First, we prepare the general date range as a data.frame
. Character dates are converted to date format. Then day, week, month and date are extracted from that as separate columns for ease of plotting.
# prepare date range
dfr <- data.frame(date=seq(as.Date('2018-06-11'), as.Date('2018-08-12'), by=1))
dfr$day <- factor(strftime(dfr$date, format="%a"), levels=rev(c("Mon", "Tue", "Wed", "Thu", "Fri", "Sat", "Sun")))
dfr$week <- factor(strftime(dfr$date, format="%V"))
dfr$month <- factor(strftime(dfr$date, format="%B"), levels=c("June", "July", "August"))
dfr$ddate <- factor(strftime(dfr$date, format="%d"))
> head(dfr)
date day week month ddate
1 2018-06-11 Mon 24 June 11
2 2018-06-12 Tue 24 June 12
3 2018-06-13 Wed 24 June 13
4 2018-06-14 Thu 24 June 14
5 2018-06-15 Fri 24 June 15
6 2018-06-16 Sat 24 June 16
Then we add our tracks to define availability into a new column named comment. We first set all comments to “Available” and then overwrite the ranges based on our availability. I have also added weekend as a category so it can be coloured differently.
# add date tracks
dfr$comment <- "Available"
dfr$comment[dfr$date>=as.Date('2018-06-11') & dfr$date<=as.Date('2018-06-20')] <- "Limited"
dfr$comment[dfr$date>=as.Date('2018-06-21') & dfr$date<=as.Date('2018-06-29')] <- "Not available"
dfr$comment[dfr$date>=as.Date('2018-07-09') & dfr$date<=as.Date('2018-07-13')] <- "Not available"

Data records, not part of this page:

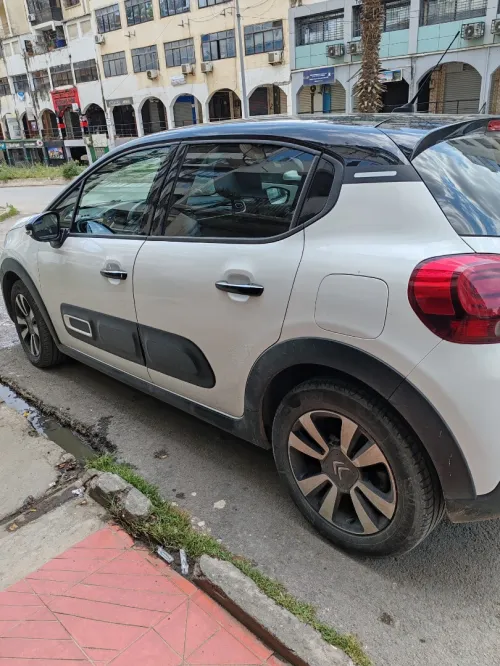 Citroen c3 2023 chine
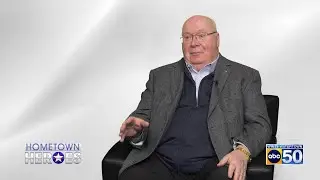 Hometown Hero: Carl McLaughlin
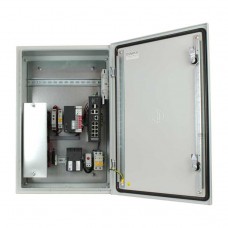 Osnovo OS-46TB1(SW-80822/ILR) Уличный управляемый (L2+) коммутатор на 12 портов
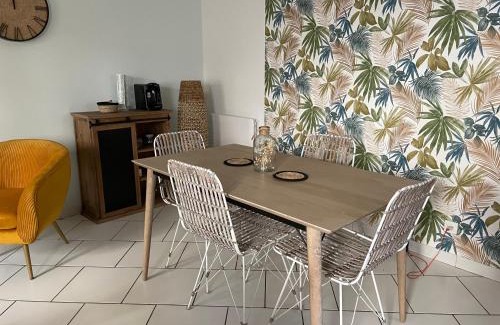 Ham Casa | Chez Malouga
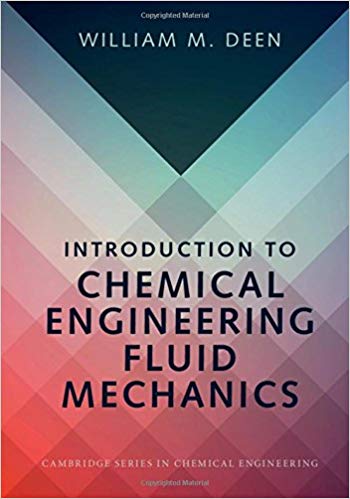 دانلود کتاب Introduction To Chemical Engineering Fluid Mechanics, 2016
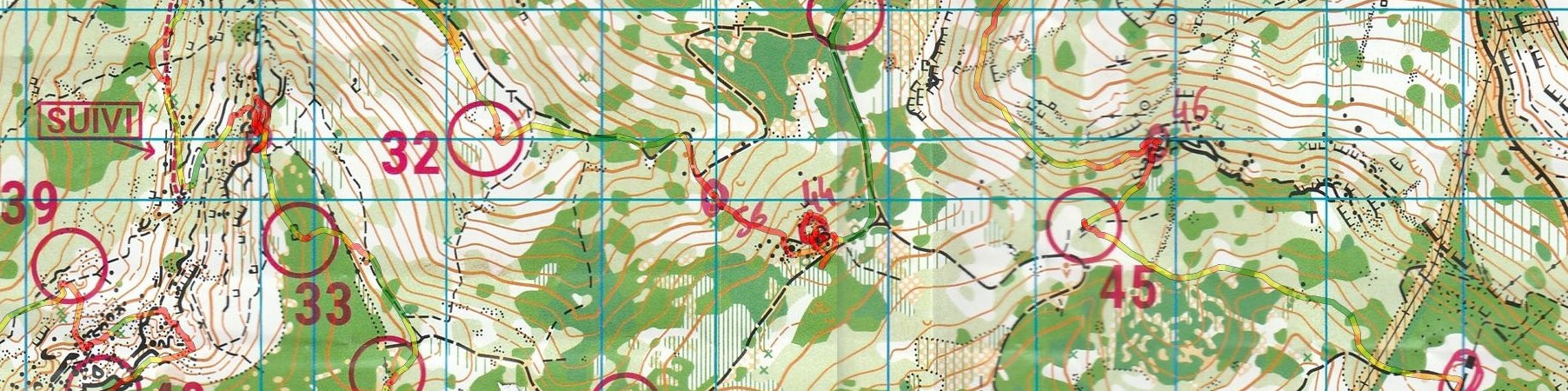 Challenge O'Score Manche 1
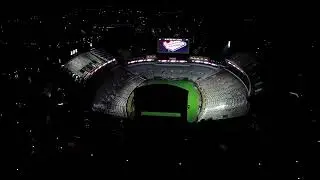 MISSISSIPPI STATE FOOTBALL | DAVIS WADE STADIUM LED LIGHTS REVEAL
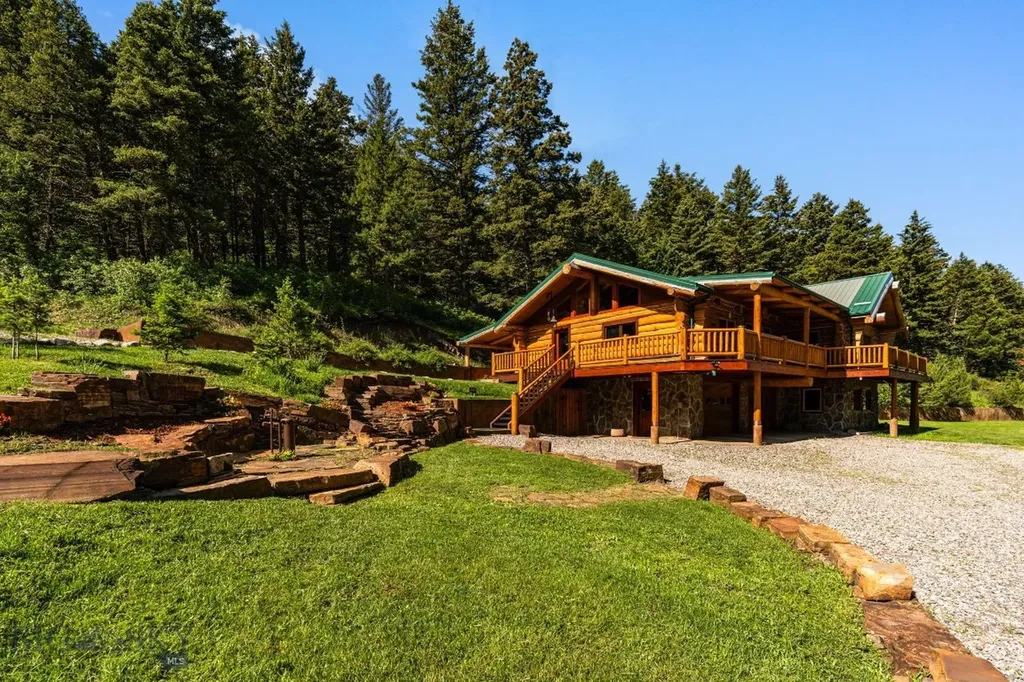 78 Lake Drive Livingston MT 59047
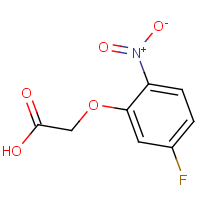 (5-Fluoro-2-nitrophenoxy)acetic acid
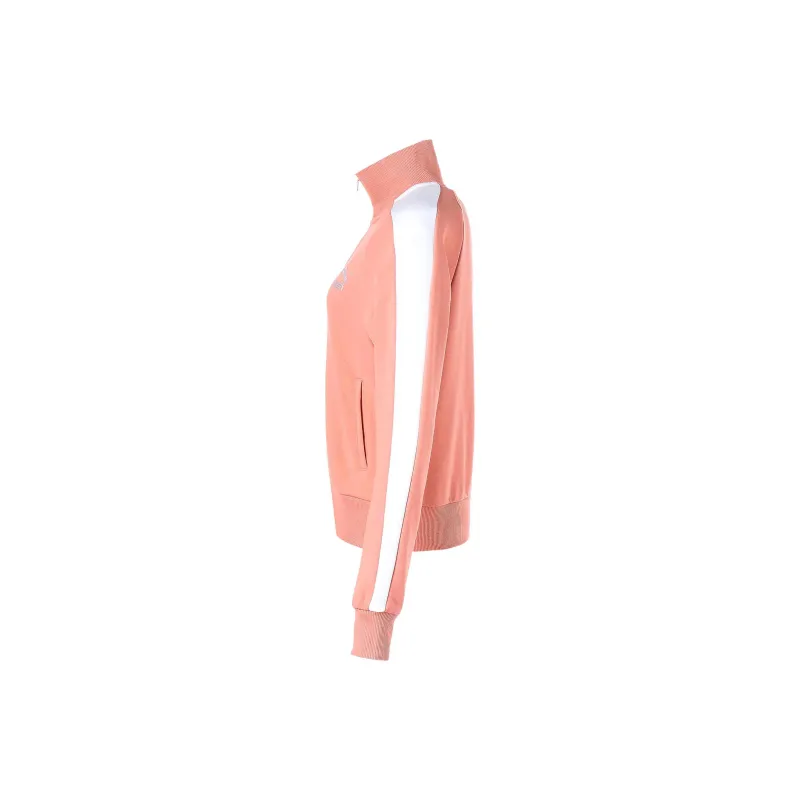PUMA Pronounce Jackets Women's Rosette Pink-2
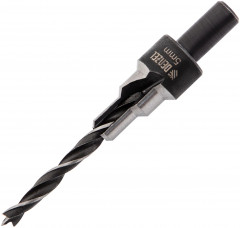 Сверло-зенкер под конфирмат - Фото 1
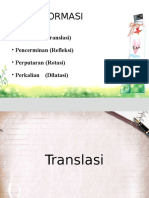 Translasi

dfr$comment[dfr$date>=as.Date('2018-08-06') & dfr$date<=as.Date('2018-08-10')] <- "Not available"
dfr$comment[dfr$day=="Sat" | dfr$day=="Sun"] <- "Weekend"
Then I convert the comment column into a factor with custom level order. This order determines the order in which the labels will be shown in the plot legend.
dfr$comment <- factor(dfr$comment, levels=c("Available", "Limited", "Not available", "Weekend"))
Finally, the plotting. Columns week and day are used to define x and y axes. geom_tile()
creates the blocks and colours for each day. facet_grid()
is used to separate months. scale_fill_manual()
is used to assign custom colours. theme_bw()
and theme()
are used for fine adjustment of plot layout.
# plot
p <- ggplot(dfr, aes(x=week, y=day))+
geom_tile(aes(fill=comment))+
geom_text(aes(label=ddate))+
scale_fill_manual(values=c("#8dd3c7", "#ffffb3", "#fb8072", "#d3d3d3"))+
facet_grid(~month, scales="free", space="free")+
labs(x="Week", y="")+
theme_bw(base_size=10)+
theme(legend.title=element_blank(),
panel.grid=element_blank(),
panel.border=element_blank(),
axis.ticks=element_blank(),
strip.background=element_blank(),
legend.position="top",
legend.justification="right",
legend.direction="horizontal",
legend.key.size=unit(0.3, "cm"),
legend.spacing.x=unit(0.2, "cm"))
And then save the plot.
ggsave("calendar.png", p, height=10, width=14, units="cm", dpi=300, type="cairo")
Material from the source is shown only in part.